Your company didn’t get acquired. Your team didn’t raise a new round. And yet, everything from your growth plan to your incentive package may now be outdated.
In 2025, over $175 billion in private market secondaries are expected to close, including a record number of GP-led continuation funds. These deals shift ownership without changing the board or triggering press releases. But the business underneath doesn’t stay untouched.

This week, we break down how secondary transactions quietly reshape company priorities and what founders, CFOs, and operators should do when the people holding the paper change.
Ownership Changes. Expectations Shift.
Continuation funds are designed to give sponsors more time with their best assets. But when they transfer company ownership from one fund to another, often with new investors buying in and new financing behind the scenes, they also introduce new risk and altered dynamics.

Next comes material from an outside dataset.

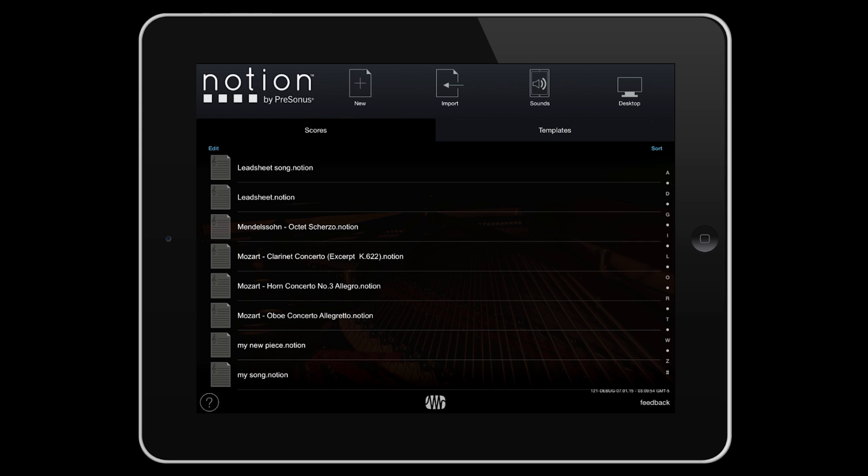At the bottom you'll find a help file, plus a feedback button. This comes directly through to us, so please do let us know about any improvements, bugs or ideas for the app through this form.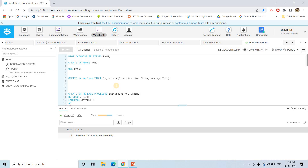The approach is very simple for logging or debugging purpose — we are going to store the logs in a particular table. So for that, we are doing create or replace logstorer.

Key things that often change:
New investors bring new return expectations, usually over shorter horizons
NAV-based leverage adds indirect performance pressure
Governance becomes more hands-on in the early phase of the new vehicle
From the operator’s seat, none of this may be obvious at first. But the reality is that every investor change, especially a lead investor replacement, can ripple through strategy, execution, and team motivation.
Three Operational Shifts to Watch
1. Incentive Misalignment Creeps In
Your equity may still be priced from 2021, but the company’s value has since been reset through a continuation vehicle at a lower NAV. New LPs are entering at that adjusted price, while your original strike prices remain high. In many cases, incentive equity doesn’t get automatically refreshed unless management pushes for it.
Ask your sponsor:
Has the cost basis reset?
Will equity grants or strike prices be revisited?
Are we rolling into a new vehicle or staying put?
If the answer isn’t clear, assume your incentives are no longer aligned with the people now holding the economics.
2. More Capital Behind the Scenes, But More Oversight Too
Lead secondaries investors often ask for observer rights. NAV loan providers may require fund-level covenants, which translate to stricter reporting timelines or accelerated performance plans for the portfolio. Even if your board doesn’t change, expect more frequent reviews and sharper forecasting expectations.
Founders and CFOs should ask:
Are there any new reporting covenants tied to fund-level loans?
Who has visibility into our numbers now, and what do they expect to see?
Is our current plan still viable under these revised checkpoints?
3. Timelines Tighten
Continuation funds promise extended holding periods, but the investors in them often expect returns within two to four years. Strategic plans that assumed a five to seven year growth arc may no longer be realistic.
This shift can influence:
Capital allocation (less long-horizon investment)
Pricing strategy (more margin focus)
Exit priorities (shift toward trade sale over IPO)
If your strategy relies on reinvestment or long-cycle transformation, you need to reconfirm that the new ownership structure supports it.
What to Do: Your Post-Secondary Checklist
1. Understand Your Cap Table Request a full update from your sponsor:
Who are the new LPs or co-investors?
Did any former investors cash out or roll over?
Are there NAV loans or preferred equity involved?
2. Rebuild Strategic Alignment Sit down with your sponsor or board:
What is the target exit window now?
What are the expected value drivers over that timeline?
Are growth investments still supported, or is optimization now the focus?
3. Refresh Incentives If the company has been recapitalized, request:
A review of your option or MIP participation
Strike price adjustments if the NAV has reset
Vesting aligned with the new timeline
4. Communicate Internally Make sure your leadership team understands the changes:
What’s changed at the ownership level?
What new reporting or accountability is expected?
How should their teams adapt expectations?
Final Thought: Companies Don’t Have to Change Hands to Be Rewritten
When investors change, your operating context does too. In this cycle, secondaries are the mechanism. Your ownership may be rotating quietly, but your leadership approach shouldn’t.
If your strategy still serves the previous owners, you’re playing to the wrong scoreboard.
Ask for transparency. Push for alignment. And be ready to shift.